Built Environment Reference

hogan

A hogan is one of several traditional Navajo structures. Building hogans has ceremonial significance, and instructions for their construction have been passed down for generations, originating with the Holy People. In creation stories, the whole Navajo homeland is referred to as a hogan, and the walls that comprise the hogan's construction correspond with each of the cardinal directions and the four sacred mountains that mark the breadth of the Navajo homeland. As an extension of the Navajo belief system, the hogan's health and equilibrium need to be nourished and protected, similar to the people who live inside it. Although a hogan functions on a daily level as a ceremonial space for the observance of cumulatively significant small rituals, the hogan can also provide a space for larger healing practices such as ceremonial singing and associated sandpaintings.

iron lung

A colloquial term referring to a medical device known as the negative pressure ventilator. The device is a large metal tank that can accommodate a human body, providing mechanical respiratory assistance for patients who are unable to breathe on their own. A basic model of the negative pressure ventilator tank was constructed in 1927 by Philip Drinker and Louis Agassiz Shaw at Harvard University. Although later models have improved functionality and comfort, the principle design was maintained, with an electric motor powering a pump that changes the pressure inside the airtight metal tube, simulating the pulling of air in and out of the lungs. Negative pressure ventilators were used extensively in hospitals in the 1940s and 1950s during the polio epidemic. They are still used in many cases where patients, for a variety of reasons including paralysis and temporary disabling of the diaphragm, fail to breathe normally on their own.

Houses of the Enemy Dead

The Houses of the Enemy of the Dead are large cliff dwellings that were originally occupied by the Ancestral Puebloans, also referred to as the Anasazi. These structures are generally made from stone masonry and are built in room blocks one on top of another, similar to apartment-style housing today. These room blocks are both residential apartments and storage rooms and are accessed through the roof.

Although the Navajo word Anaasází has been translated as "ancient enemy" by Western anthropologists, the English translation preferred by Navajo and Puebloan cultures is "ancient ones."

horno

The Spanish word for oven is horno. In the pueblos, hornos are adobe earth structures built separately from dwelling structures. With a distinct, bee-hive shape, hornos stand about 2-3 feet tall. Generally used for baking bread, the oval pyramid shape of the oven was appropriated by early Hispanic settlers, who brought the horno inside their adobe brick homes and sited it in a corner of the sala, or great room. Traditional hornos are still in use today, as are the beehive-shaped, or kiva-style, fireplaces found in the mission-style architecture of Santa Fe.

grid

An organizational schema comprised of a network of interconnecting lines that create integrated series of squares.

glovebox

A small compartment in the dashboard of a vehicle, usually on the passenger's side, with a hinged door that swings open toward the floor. Althought the glovebox was initially intended to hold the gloves worn by early drivers whose vehicle compartments were open to the air, gloveboxes have evolved to contain an array of miscellaneous items that may include spare change, flashlights, batteries, street maps, gum, or the occassional handgun.

deadfall

A trap consisting of a weight that is balanced to fall, crush, and kill an animal.

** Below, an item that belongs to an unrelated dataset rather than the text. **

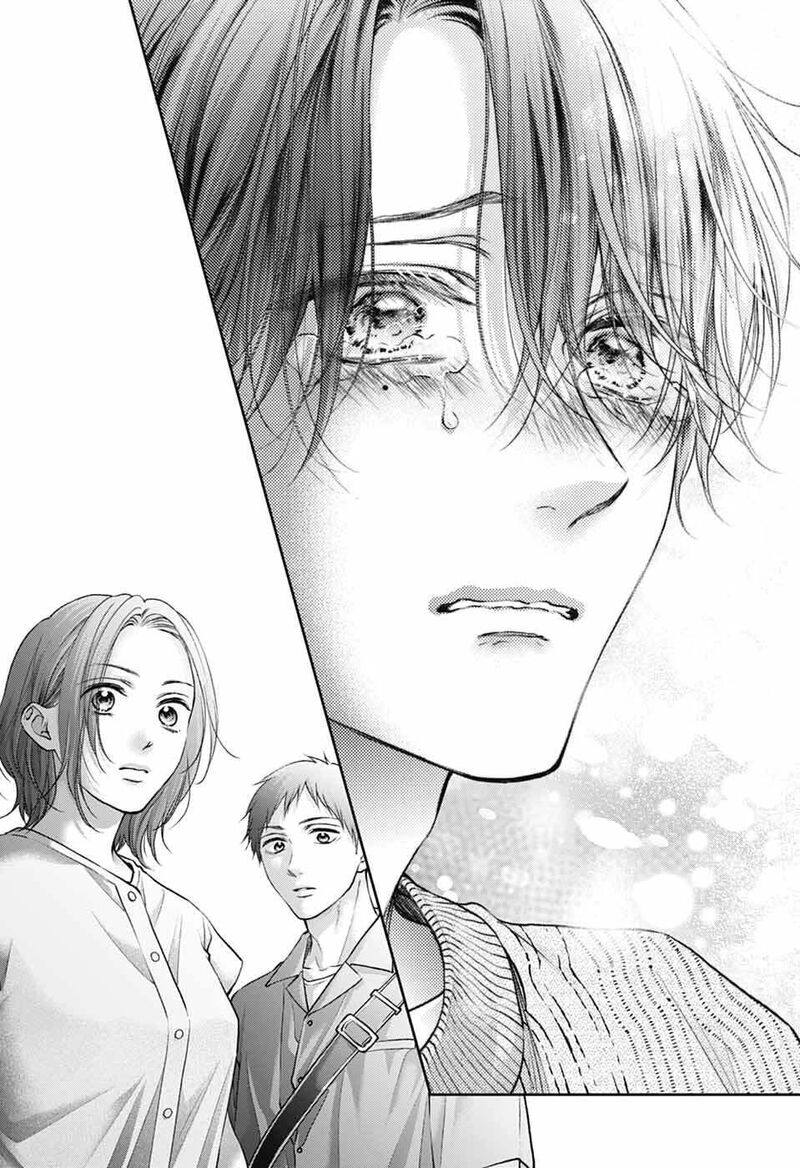 Kono Oto Tomare 142 31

Deadfall can also refer to a mass of tangled brush and shrubs.

chapter house

A chapter house is a meeting place for Navajo people where they can publicly discuss their opinions about the goings on of the Navajo Nation and its governance. Implemented by Leupp Agency Superintendent John G. Hunter in 1922, the chapter house system quickly transcended the politics of the Bureau of Indian Affairs (BIA) and gained a communal and cultural relevance of its own. Today, even though chapters are still identified by BIA agency, they have gained and grown at the grassroots level to function as community centers as well as political hubs around the broad territory of the Navajo Nation.